## Assignment
Return the line containing "28587 Goetz Rd, Canyon Lake, CA 92587" and every line after it through the end of the entries below, with no other lines.

## Task inputs

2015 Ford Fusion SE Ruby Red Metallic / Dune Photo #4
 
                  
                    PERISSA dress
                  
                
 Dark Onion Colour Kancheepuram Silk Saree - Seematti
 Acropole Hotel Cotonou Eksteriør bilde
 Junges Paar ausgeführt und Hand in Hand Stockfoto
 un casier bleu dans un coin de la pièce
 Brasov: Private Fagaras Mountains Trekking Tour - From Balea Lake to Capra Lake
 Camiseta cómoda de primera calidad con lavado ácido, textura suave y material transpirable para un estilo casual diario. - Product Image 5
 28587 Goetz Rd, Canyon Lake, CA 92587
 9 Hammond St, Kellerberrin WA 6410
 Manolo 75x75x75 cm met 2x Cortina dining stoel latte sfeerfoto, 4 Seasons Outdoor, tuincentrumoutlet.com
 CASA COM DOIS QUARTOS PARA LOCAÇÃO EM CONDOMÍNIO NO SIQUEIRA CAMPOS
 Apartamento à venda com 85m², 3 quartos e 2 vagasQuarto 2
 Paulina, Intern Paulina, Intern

## Answer to the problem
 28587 Goetz Rd, Canyon Lake, CA 92587
 9 Hammond St, Kellerberrin WA 6410
 Manolo 75x75x75 cm met 2x Cortina dining stoel latte sfeerfoto, 4 Seasons Outdoor, tuincentrumoutlet.com
 CASA COM DOIS QUARTOS PARA LOCAÇÃO EM CONDOMÍNIO NO SIQUEIRA CAMPOS
 Apartamento à venda com 85m², 3 quartos e 2 vagasQuarto 2
 Paulina, Intern Paulina, Intern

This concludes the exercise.